Exercise instructions - When you find the line with "JR5519-E adidas Runfalcon" among the records below, reproduce it and each line after it exactly, ending with the line with "Casa Luis Apartment".

Task material -
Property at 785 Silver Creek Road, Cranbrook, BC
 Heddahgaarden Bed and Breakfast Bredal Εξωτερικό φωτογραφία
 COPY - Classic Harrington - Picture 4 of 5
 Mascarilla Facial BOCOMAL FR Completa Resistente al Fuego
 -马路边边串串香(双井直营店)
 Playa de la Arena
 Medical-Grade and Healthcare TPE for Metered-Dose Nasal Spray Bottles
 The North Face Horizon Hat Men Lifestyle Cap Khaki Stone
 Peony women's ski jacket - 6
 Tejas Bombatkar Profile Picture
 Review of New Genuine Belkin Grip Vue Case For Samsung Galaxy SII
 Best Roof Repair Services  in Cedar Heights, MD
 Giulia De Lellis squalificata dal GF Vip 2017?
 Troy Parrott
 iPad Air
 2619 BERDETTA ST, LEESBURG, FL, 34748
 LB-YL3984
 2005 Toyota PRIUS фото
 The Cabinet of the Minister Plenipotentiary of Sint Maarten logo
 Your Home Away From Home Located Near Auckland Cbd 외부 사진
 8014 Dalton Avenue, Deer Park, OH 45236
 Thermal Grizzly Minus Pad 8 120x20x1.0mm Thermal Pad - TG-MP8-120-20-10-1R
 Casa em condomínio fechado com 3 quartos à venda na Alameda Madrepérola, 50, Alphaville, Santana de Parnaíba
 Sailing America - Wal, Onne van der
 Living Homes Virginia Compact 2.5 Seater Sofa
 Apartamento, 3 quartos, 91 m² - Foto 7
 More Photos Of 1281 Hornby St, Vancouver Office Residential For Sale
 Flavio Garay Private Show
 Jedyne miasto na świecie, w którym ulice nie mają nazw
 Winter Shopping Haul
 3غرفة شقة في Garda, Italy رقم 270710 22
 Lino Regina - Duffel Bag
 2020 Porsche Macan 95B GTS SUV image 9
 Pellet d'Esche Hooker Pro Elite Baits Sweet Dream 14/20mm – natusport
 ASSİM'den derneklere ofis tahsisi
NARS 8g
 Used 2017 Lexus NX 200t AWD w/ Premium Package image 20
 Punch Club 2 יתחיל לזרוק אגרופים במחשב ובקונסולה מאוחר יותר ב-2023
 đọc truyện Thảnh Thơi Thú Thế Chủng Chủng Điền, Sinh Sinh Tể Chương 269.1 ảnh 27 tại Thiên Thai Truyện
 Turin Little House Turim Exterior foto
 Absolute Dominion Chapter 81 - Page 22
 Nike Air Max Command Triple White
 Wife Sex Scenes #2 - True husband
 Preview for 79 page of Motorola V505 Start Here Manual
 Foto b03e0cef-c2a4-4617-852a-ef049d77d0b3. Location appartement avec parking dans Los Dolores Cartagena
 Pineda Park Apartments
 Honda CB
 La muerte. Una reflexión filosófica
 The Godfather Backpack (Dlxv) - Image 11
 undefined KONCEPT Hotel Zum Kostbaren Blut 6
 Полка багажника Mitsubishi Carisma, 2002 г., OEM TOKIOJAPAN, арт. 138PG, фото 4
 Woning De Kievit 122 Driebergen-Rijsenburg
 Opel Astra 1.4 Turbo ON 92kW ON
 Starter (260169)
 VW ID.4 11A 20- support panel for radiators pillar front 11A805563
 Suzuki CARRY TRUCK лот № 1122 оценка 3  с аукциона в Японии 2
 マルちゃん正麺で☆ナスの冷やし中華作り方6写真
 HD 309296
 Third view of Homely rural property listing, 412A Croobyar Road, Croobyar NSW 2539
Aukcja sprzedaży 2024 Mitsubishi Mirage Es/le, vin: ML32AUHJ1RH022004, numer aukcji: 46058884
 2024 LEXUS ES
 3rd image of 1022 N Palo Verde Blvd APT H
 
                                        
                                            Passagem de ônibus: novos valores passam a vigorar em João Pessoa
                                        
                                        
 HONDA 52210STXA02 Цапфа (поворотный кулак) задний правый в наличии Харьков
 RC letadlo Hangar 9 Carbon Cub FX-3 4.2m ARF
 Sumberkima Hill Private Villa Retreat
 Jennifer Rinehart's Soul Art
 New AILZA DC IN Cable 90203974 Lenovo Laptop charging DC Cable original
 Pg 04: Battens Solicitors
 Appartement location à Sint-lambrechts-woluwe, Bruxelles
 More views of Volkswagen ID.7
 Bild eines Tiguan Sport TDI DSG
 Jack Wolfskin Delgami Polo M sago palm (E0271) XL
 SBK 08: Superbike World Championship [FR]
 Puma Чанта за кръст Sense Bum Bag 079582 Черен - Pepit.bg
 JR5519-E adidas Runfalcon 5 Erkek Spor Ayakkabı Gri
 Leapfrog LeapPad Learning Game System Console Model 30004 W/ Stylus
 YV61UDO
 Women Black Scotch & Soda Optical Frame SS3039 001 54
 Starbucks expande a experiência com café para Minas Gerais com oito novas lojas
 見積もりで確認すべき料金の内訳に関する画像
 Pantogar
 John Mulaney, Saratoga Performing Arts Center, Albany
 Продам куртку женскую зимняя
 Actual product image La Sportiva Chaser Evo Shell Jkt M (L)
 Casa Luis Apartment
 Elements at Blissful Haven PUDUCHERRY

Worked solution -
 JR5519-E adidas Runfalcon 5 Erkek Spor Ayakkabı Gri
 Leapfrog LeapPad Learning Game System Console Model 30004 W/ Stylus
 YV61UDO
 Women Black Scotch & Soda Optical Frame SS3039 001 54
 Starbucks expande a experiência com café para Minas Gerais com oito novas lojas
 見積もりで確認すべき料金の内訳に関する画像
 Pantogar
 John Mulaney, Saratoga Performing Arts Center, Albany
 Продам куртку женскую зимняя
 Actual product image La Sportiva Chaser Evo Shell Jkt M (L)
 Casa Luis Apartment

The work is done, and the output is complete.